Charcot neuroarthropathy , —rare cause of destructive arthropathy typically related to the syrinx of the spinal cord. Diabetes mellitus is the most common underlying cause of Charcot neuroarthropathy, but more commonly involving the distal lower extremity, such as the foot and ankle. Because of a lack of pain, the patient does not recognize progressive destruction of the humeral head and glenoid until it has progressed significantly. When symptomatic, it presents with shoulder pain with decreased ROM and often with swelling and joint deformity.
Tumor and bony metastasis— the shoulder region is the third most common site for bone and soft tissue tumors. Primary bony tumors of the shoulder are more likely to be malignant with osteosarcoma and chondrosarcoma, with Ewing sarcoma being the most common. Pain from bony and soft tissue tumors is constant when present, and worse in resting position. Systemic manifestations such as weight loss may accompany.

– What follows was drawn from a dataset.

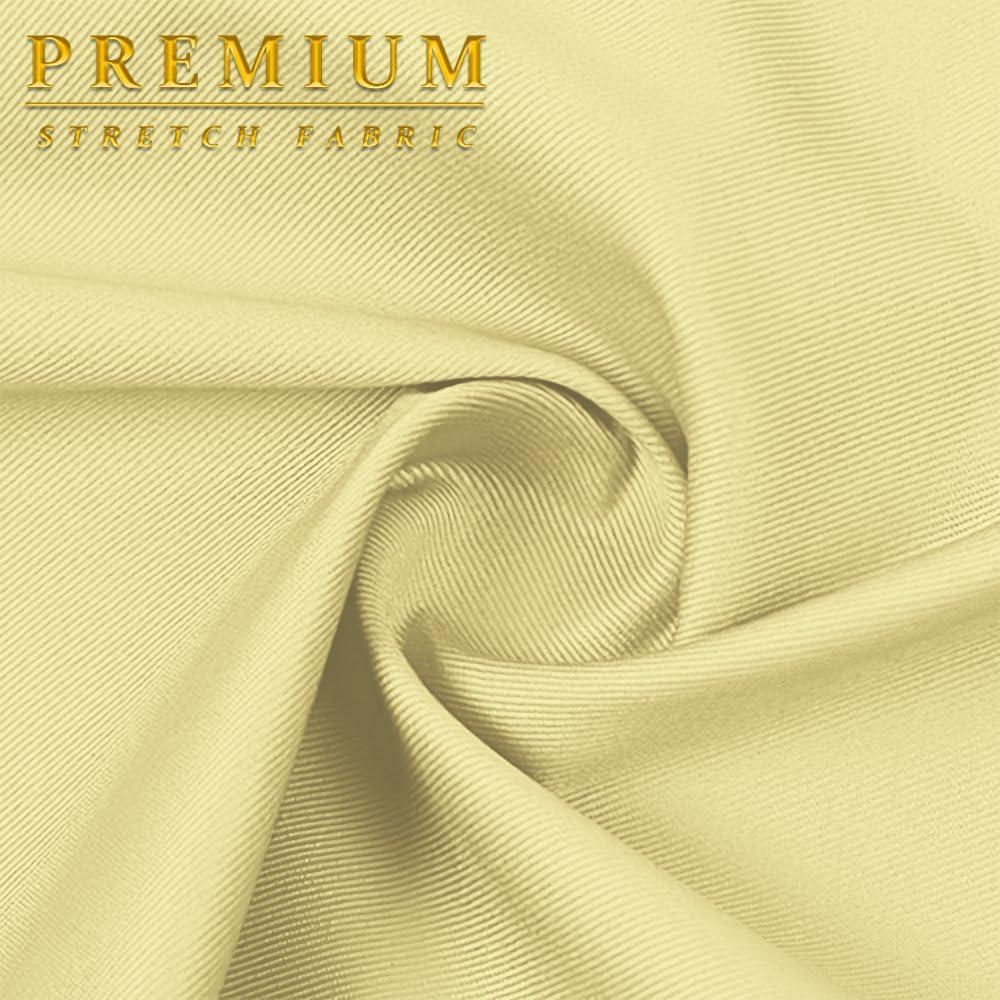 imageHybrid ampamp Company Womens Ultra Stretch Perfectly Shaping Mid Rise Skinny Bermuda Shorts with PocketsBermudapastelyellow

Our patient presented with indolent development of symptoms over a few months, suggesting chronicity. An acute traumatic or vascular event is less likely to be the underlying etiology of the patient’s presentation. Lack of focal sensory or motor deficit, worsening of pain with shoulder movement (especially overhead activity), and lack of focal neurologic deficit suggests local musculoskeletal pathologies as underlying etiologies.
Recognition of the pain with a specific position can be important information to further localize the lesion. For example, if the pain is reproduced by internal rotation and abduction engaging the supraspinatus or subdeltoid bursa between greater tuberosity and coracoacromial arch, subacromial impingement syndrome should be suspected. If the ROM is limited with pain in multiple directions (planes) of shoulder ROM, capsular or GH joint pathologies, such as adhesive capsulitis or GH arthropathy should be suspected. The characteristics of pain can also be useful information. Persistent pain, even on resting or night pain, may be suggestive of an inflammatory etiology (bursitis and capsulitis) rather than mechanical (tendinopathy by impingement, labral pathology). Lack of symptoms in the contralateral shoulder and other joints are against systemic disease, such as inflammatory arthropathy (RA, polymyalgia rheumatica, etc.). Absence of red flags argues against an infectious underlying etiology or tumors as the underlying cause of pain; however, laboratory tests such as ESR and CRP can be useful if there is any suspicion for an infectious or inflammatory process.
Underlying diabetes mellitus and involvement of the nondominant side with decreased ROM in multiple planes increases the likelihood of adhesive capsulitis as the diagnosis; however, other diagnoses such as GH joint arthropathy or infectious arthropathy should also be ruled out. Other bony or joint pathologies such as avascular necrosis or bony tumor are less likely, and imaging study can be helpful to rule out these conditions.